Not surprising, as the figure below shows, a little more than one year before the election, one-fifth of voters are unsure whom they will vote for. There is an interest in other candidates by 9 percent of voters.
Question: U.S. Senator Wayne Allard has announced he will not seek re-election in 2008. There are currently two candidates who are running or considering running for the U.S. Senate. If you had to vote today for U.S. Senate, would you vote for Mark Udall, the Democrat, or Bob Schaffer, the Republican, or some other candidate? [Rotated]
The latest statewide survey was conducted September 12-15, 2007 with 504 Colorado voters by Ciruli Associates. The political questions were part of a survey concerning economic development sponsored by the Economic Development Council of Colorado. The statistical range of error is ±4.4 percentage points.
At this point in the campaign, Bob Schaffer is attracting a lower percentage of voters than Mark Udall among all three Colorado voter blocs, but because there are some 130,000 more registered Republicans than Democrats, he remains competitive. Udall has support from 72 percent of Democrats and 34 percent of unaffiliated voters. Schaffer wins 68 percent of fellow Republicans, but only 19 percent of the unaffiliated - the majority of whom are undecided at this point. Pollster Floyd Ciruli said, “It’s very early in the campaign, but Schaffer’s challenge will be to unify his party and attract more unaffiliated voters as the public begin to make up its mind.”
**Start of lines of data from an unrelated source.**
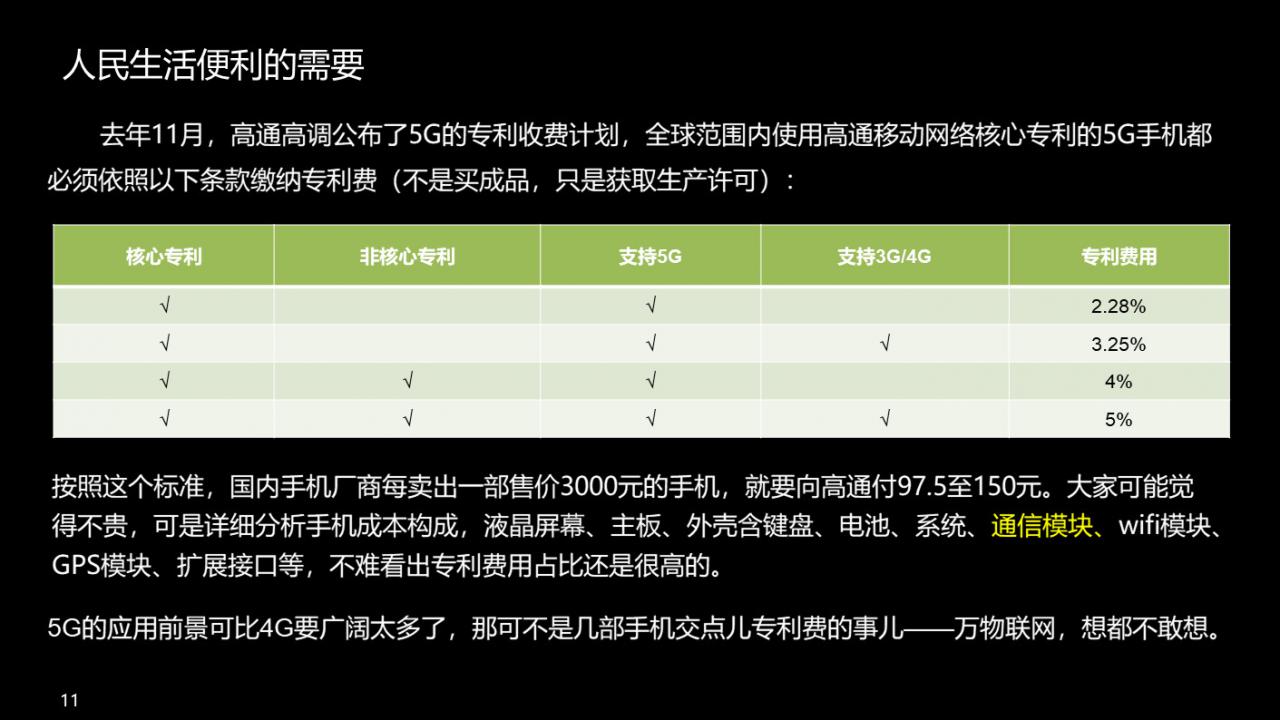 PPT内容超级多且不能删字-5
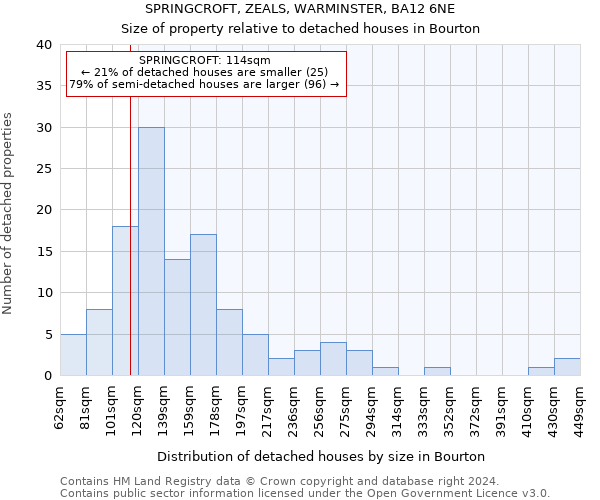 SPRINGCROFT, ZEALS, WARMINSTER, BA12 6NE: Size of property relative to detached houses in Bourton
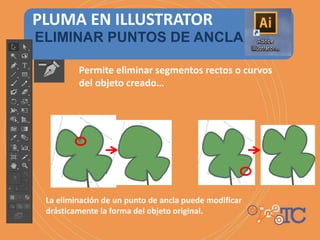 Permite eliminar segmentos rectos o curvos
del objeto creado…
La eliminación de un punto de ancla puede modificar
drásticamente la forma del objeto original.
PLUMA EN ILLUSTRATOR
ELIMINAR PUNTOS DE ANCLA
PLUMA EN ILLUSTRATOR
 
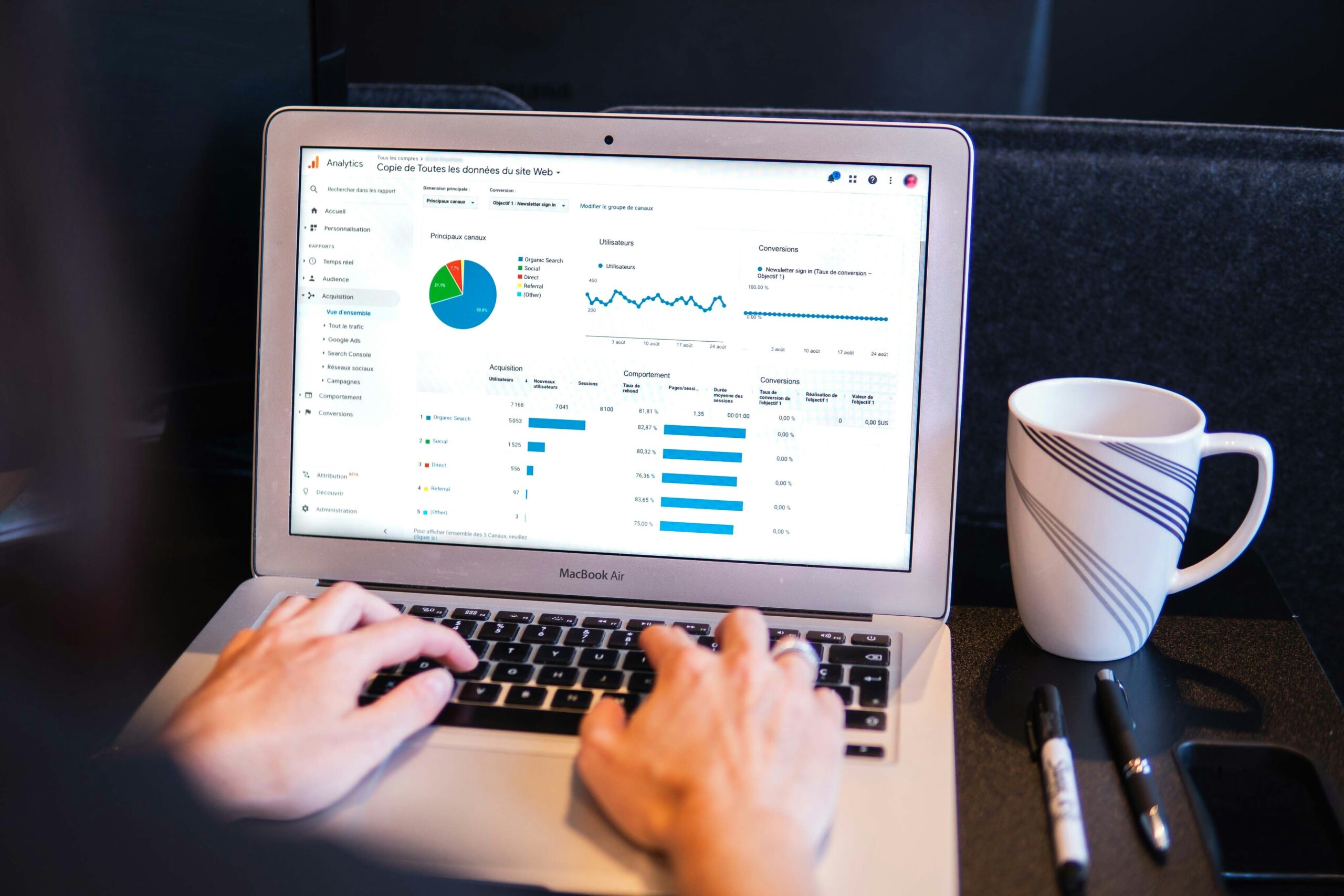 Beste Headless CMS-Entwicklungsunternehmen in Großbritannien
Note: Aug. 15, 2007 registration: 998,879 Republican, 860,407 Democrat and 967,853 unaffiliated.
Geography and Gender
Support around the state for the two candidates follows the expected patterns of partisanship and ideology. Voter familiarity due to previous and current government service is also a factor. Udall, who represents a metro area congressional seat, receives his strongest support (42%) in the metro area (where about 55% of the state’s voters are located). Similarly, Schaffer, who represented the Eastern Plains and North Front Range in Congress, receives support above his average there.
Not surprising, the well-reported gender pattern in which women favor Democratic candidates and men favor Republican candidates, continues in this race. Udall has an 11-point advantage among women and Schaffer leads by 8 points among men.